As Washington continues to struggle to avoid the fiscal cliff, U.S. Rep. Dan Lipinski (IL-3) is working this week with a bipartisan group of legislators to develop a plan to not only avoid the “cliff,” but to put the nation on a fiscally sustainable path. The plan would likely involve a two-step approach that avoids the Jan. 1 cliff with a down payment on deficit reduction, while setting up a detailed legislative process for early 2013 that would result in at least a $4 trillion cut in the projected debt over 10 years. This bipartisan agreement would include a balanced “spending reduction-new revenue” approach modeled after the Simpson-Bowles Deficit Reduction Commission recommendations.

"Americans are rightfully scared by the specter of large tax increases and slashes to spending. No matter where I went around the district this past weekend, people were telling me that Washington needs to stop bickering and get to work avoiding the fiscal cliff.

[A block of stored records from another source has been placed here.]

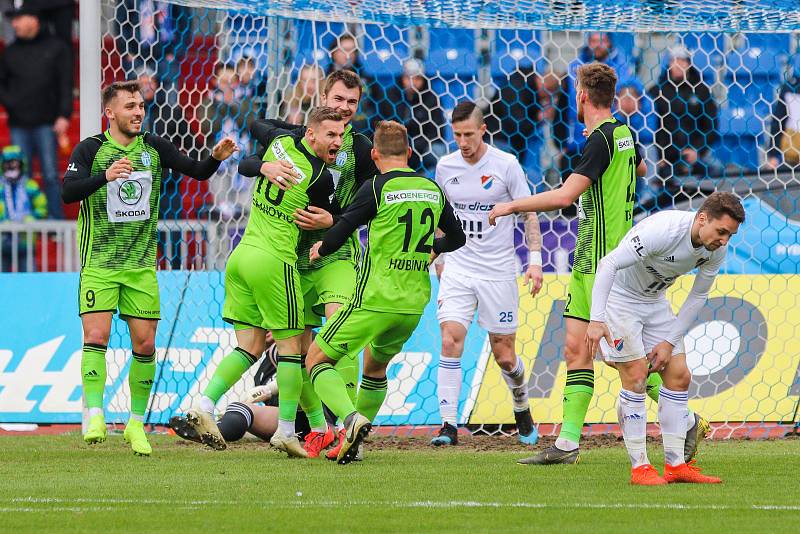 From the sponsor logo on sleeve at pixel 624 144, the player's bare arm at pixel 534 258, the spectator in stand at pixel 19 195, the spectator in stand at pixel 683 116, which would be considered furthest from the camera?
the spectator in stand at pixel 19 195

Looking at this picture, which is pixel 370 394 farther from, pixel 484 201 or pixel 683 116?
pixel 683 116

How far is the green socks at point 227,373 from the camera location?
8.12m

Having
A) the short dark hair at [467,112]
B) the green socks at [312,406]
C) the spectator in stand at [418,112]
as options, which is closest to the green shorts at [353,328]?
the green socks at [312,406]

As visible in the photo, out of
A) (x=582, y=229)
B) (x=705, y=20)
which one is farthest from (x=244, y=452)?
(x=705, y=20)

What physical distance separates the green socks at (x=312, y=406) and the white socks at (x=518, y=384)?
1.48 m

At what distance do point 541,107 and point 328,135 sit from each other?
4.71 metres

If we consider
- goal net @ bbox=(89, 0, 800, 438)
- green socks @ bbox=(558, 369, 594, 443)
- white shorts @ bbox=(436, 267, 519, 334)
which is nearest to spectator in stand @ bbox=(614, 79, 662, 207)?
goal net @ bbox=(89, 0, 800, 438)

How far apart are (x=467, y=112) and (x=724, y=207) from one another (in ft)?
10.4

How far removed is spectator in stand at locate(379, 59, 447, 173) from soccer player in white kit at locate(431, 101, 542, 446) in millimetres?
2716

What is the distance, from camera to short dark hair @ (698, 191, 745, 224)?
20.5 ft

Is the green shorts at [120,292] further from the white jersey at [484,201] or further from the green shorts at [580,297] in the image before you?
the green shorts at [580,297]

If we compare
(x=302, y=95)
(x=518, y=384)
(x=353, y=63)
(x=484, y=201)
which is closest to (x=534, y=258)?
(x=484, y=201)

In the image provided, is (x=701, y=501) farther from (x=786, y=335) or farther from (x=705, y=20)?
(x=705, y=20)

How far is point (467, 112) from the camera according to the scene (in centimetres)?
915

As I was walking in a Christmas parade, someone yelled out about solving the fiscal cliff, concluding with one word, ‘compromise.’ That is what we need to do,” Lipinski said. “As someone who is committed to finding solutions, I have been working on this issue with a bipartisan group of Representatives along with organizations such as Fix the Debt, The Committee for a Responsible Federal Budget, and the Concord Coalition.

"A short-term fix that simply contributes to more debt is not enough. Without meaningful long-term deficit reduction, the potential for increases in unemployment, inflation, and interest rates is too great. This would be a disaster for the middle class," Lipinski continued. “That is why we cannot do what Washington usually does, wait until the last minute and then pass a bad plan that kicks the can down the road. The time to act is now.

"Fortunately, there is a blueprint available to avoid this and allow all sides to compromise on a grand bargain that cuts out debt through decreased spending, increased revenue, and economic growth. Some ways to do this are already on the table and can be included in legislation as down payment on deficit reduction. Other more complicated items such as tax reform and further curbs to spending growth can be left to Congress to work out early next year in a process that is required in this legislation.”

In March, Lipinski helped introduce a budget modeled after the Simpson-Bowles Deficit Reduction Commission recommendations. Only a "Brave 38” supported the budget that included a mix of spending cuts and new revenue to reduce the federal deficit by $4 trillion over 10 years. For his stance, Lipinski was given the Paul E. Tsongas Economic Patriot Award this fall by the Concord Coalition, honoring those who have demonstrated a commitment to fiscal responsibility.

"We need to think big in order for the country to start moving in the right direction," Lipinski said. "I believe all the pieces are in place for an agreement that not only avoids the fiscal cliff, but also fixes our budget and protects taxpayers from even more economic harm. All that's missing is the resolve to work together."